Using Amazon S3 for Storage - amark/gun GitHub Wiki

To enable S3 persistence in your pwa / app, follow these steps:

  1. Make yourself an AWS account
  2. Create an S3 bucket with default settings. In this example, we'll call the bucket MY_BUCKET_HERE.
  3. Create a new AWS IAM user with programmatic access.
  4. Create a new AWS IAM Policy with the following content. Attach it to the previously created AWS IAM user.
{
    "Version": "2012-10-17",
    "Statement": [
        {
            "Effect": "Allow",
            "Action": [
                "s3:*"
            ],
            "Resource": [
                "arn:aws:s3:::MY_BUCKET_HERE",
                "arn:aws:s3:::MY_BUCKET_HERE/*"
            ]
        }
    ]
}
  1. Download your AWS IAM User credentials (usually a CSV) with Access Key and Secret Access Key, and either add them to an .env file, since you don't want these to be pushed to GIT, or configure your app-host (like Heroku) to inject these credentials in the environment variables. For Heroku, this can be done by going to the Settings tab in their app dashboard, and going to the Config Vars section.
VARIABLE VALUE
AWS_ACCESS_KEY_ID paste your key here
AWS_S3_BUCKET paste bucket key here
AWS_SECRET_ACCESS_KEY paste secret here
'AWS_REGION' paste your s3 region
NPM_CONFIG_PRODUCTION false
  1. Configure your gun instance in the following way:
var gun = Gun({
   web: config.server.listen(config.port),
   peers: config.peers,
   s3: {
      key: env.AWS_ACCESS_KEY_ID, // AWS Access Key
      secret: env.AWS_SECRET_ACCESS_KEY, // AWS Secret Token
      bucket: env.AWS_S3_BUCKET // The bucket you want to save into
   }
});

To make S3 persistence work with the 1-click deploy to Heroku, it's recommended to fork/clone the gun repo, and perform the following changes to your forked copy:

  • Add "aws-sdk": "^2.528.0" to dependencies in package.json.
  • The Procfile tells heroku what file to start, when the instance starts.

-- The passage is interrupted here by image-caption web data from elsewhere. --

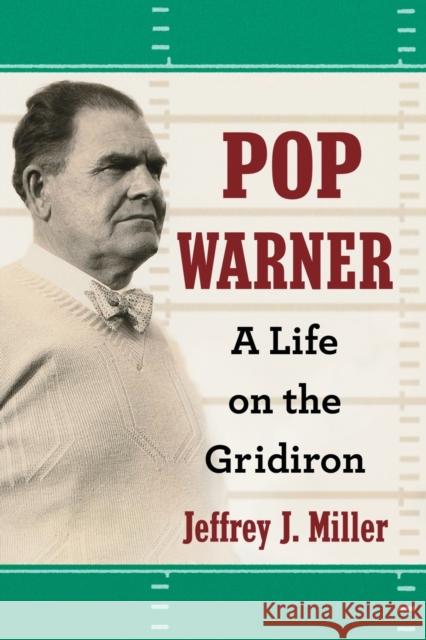 Pop Warner: A Life on the Gridiron Jeffrey J. Miller 9780786464975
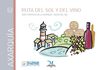 Ruta del Sol y del Vino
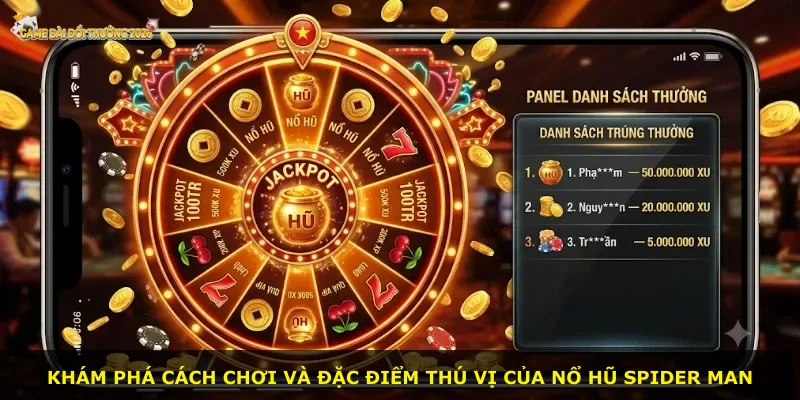 Khám phá cách chơi và đặc điểm thú vị của Nổ hũ Spider Man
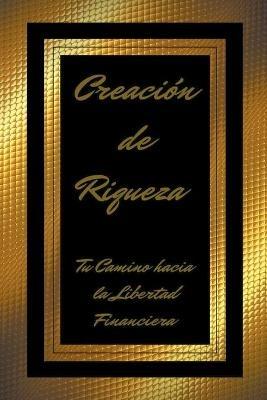 Creacion de Riqueza - Mentes Libres - cover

In this case it launches examples/http.js.
  • Proceed by changing the examples/http.js file, such that the gun instance starts with your S3 configuration:
var gun = Gun({
   web: config.server.listen(config.port),
   peers: config.peers,
   s3: {
      key: process.env.AWS_ACCESS_KEY_ID, // AWS Access Key
      secret: process.env.AWS_SECRET_ACCESS_KEY, // AWS Secret Token
      bucket: process.env.AWS_S3_BUCKET // The bucket you want to save into
   }
});
  • Deploy your forked repo to Heroku by executing (using Heroku CLI) the following in the repo:
heroku create # if not created before - creates a new app in your Heroku Dashboard
git push -f heroku HEAD:master # deploys HEAD:mater to your Heroku app

To monitor instance output, use:

heroku logs --tail

To restart the instance, to test S3 persistence, use:

heroku restart

Use a tool like Cyberduck to check if you can access the S3 bucket whilst providing your AWS IAM credentials.


If you are running your own server, you probably have an upstart script or something similar that monitors your app and starts or restarts it if it crashes. You can set ENVIRONMENT VARIABLES there, exactly how depends upon your setup so please google around for that.

Or if you are using command line directly, try something like:

$VARIABLE1=value1 VARIABLE2=value2 node yourapp.js

They will show up in NodeJS as process.env.AWS_ACCESS_KEY_ID and so on. They could also be set in NodeJS with process.env.AWS_ACCESS_KEY_ID = 'value'; but that is not recommended because it could leak your access keys to GitHub or other places.